Matthew Kaufman, a Los Angeles attorney who focuses on arbitration law, agreed with that perspective.

"This is a very conservative court that's pro-business, and class actions are not good for business," he said.

Marty Richter, an AT&T spokesman, said the company's arbitration agreement "includes fair, easy-to-use provisions" that reflect "an innovative and highly consumer-friendly dispute resolution process."

He noted that AT&T's arbitration clause allows for at least $5,000 in compensation and double attorneys' fees if the arbitrator awards the consumer more than AT&T offered to settle a dispute. "And we pay the entire cost of the arbitration, except the filing fee if a customer is claiming $75,000 or more," Richter said.

Be that as it may, why is the company so intent on denying customers the choice of joining a class action? Shouldn't consumers be allowed to decide what avenue to pursue in resolving a grievance?

"AT&T can offer the benefits of its consumer-friendly arbitration system only if the company is able to avoid the burdensome costs of lawyer-driven class actions, in which most of the money goes to lawyers — both plaintiff and defense lawyers — and class members get little," Richter replied.

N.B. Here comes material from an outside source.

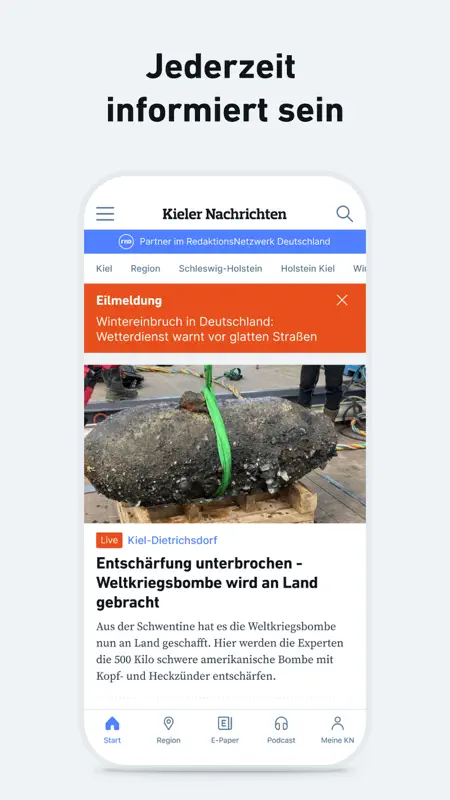 KN - Nachrichten und Podcast screenshot 2 of 10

In other words, the company says the only way it can be generous in arbitration is if customers give up the right to join others in suing. Otherwise, those "burdensome" legal costs will force AT&T to be a more hard-nosed negotiator.

AT&T earned $12.5 billion in profit last year.

Public Citizen's Gupta said consumers can expect similar treatment from other companies if the Supreme Court rules in AT&T's favor.

"If the court decides that the federal law trumps state law in this case, there's no limit to what companies could do," Gupta said. "All companies and employers would be able to put arbitration clauses in contracts that prevent people from joining class actions."

Briefs supporting the right to class actions have been filed by a number of consumer groups and civil rights organizations, including the Consumer Federation of America and the Lawyers' Committee for Civil Rights Under Law.

On the opposing side — that is, backing AT&T's case — are other telecom companies, as well as such well-heeled corporate interests as the American Bankers Assn., the Financial Services Roundtable and the U.S. Chamber of Commerce.

This is a case you'll want to follow. You have a lot on the line.